■ TASK INSTRUCTIONS:
Which lines run from the line containing "Vampýrská akademie 4 – Hledejceny.cz" through the end of the records below? Reproduce them exactly, and nothing else.

┌─ SUPPLIED RECORDS

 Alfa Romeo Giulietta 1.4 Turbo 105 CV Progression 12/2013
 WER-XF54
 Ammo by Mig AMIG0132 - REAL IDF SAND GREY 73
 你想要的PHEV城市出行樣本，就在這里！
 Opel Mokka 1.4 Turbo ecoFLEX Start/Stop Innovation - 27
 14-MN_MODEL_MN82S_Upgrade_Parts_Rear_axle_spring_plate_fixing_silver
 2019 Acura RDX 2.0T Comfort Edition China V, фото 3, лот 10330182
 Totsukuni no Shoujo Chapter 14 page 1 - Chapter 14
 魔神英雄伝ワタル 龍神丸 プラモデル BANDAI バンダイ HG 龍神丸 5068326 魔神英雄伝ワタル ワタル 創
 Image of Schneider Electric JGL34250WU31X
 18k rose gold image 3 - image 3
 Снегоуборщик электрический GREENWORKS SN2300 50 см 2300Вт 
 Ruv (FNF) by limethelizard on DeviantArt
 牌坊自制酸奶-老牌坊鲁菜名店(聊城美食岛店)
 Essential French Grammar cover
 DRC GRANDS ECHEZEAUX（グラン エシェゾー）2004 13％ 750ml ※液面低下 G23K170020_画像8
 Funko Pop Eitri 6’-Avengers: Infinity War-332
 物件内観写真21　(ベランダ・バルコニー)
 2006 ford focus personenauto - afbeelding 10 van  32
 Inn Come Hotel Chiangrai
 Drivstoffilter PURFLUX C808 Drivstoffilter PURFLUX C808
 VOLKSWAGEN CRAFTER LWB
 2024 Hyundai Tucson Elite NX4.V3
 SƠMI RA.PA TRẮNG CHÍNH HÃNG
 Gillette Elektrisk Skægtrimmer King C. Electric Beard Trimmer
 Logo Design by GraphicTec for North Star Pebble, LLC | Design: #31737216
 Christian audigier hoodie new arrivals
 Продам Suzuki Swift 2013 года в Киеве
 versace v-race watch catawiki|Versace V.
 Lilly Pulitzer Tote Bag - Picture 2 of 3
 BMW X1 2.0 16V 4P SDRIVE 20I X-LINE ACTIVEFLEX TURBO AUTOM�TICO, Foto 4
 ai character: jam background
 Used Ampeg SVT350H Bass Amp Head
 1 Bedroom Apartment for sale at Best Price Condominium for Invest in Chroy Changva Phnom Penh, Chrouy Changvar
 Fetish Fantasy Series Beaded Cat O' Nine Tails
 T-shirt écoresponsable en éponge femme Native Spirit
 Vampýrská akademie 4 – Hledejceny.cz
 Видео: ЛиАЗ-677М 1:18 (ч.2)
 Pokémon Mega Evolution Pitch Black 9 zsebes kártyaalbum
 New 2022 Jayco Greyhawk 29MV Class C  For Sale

└─

■ THE ANSWER:
 Vampýrská akademie 4 – Hledejceny.cz
 Видео: ЛиАЗ-677М 1:18 (ч.2)
 Pokémon Mega Evolution Pitch Black 9 zsebes kártyaalbum
 New 2022 Jayco Greyhawk 29MV Class C  For Sale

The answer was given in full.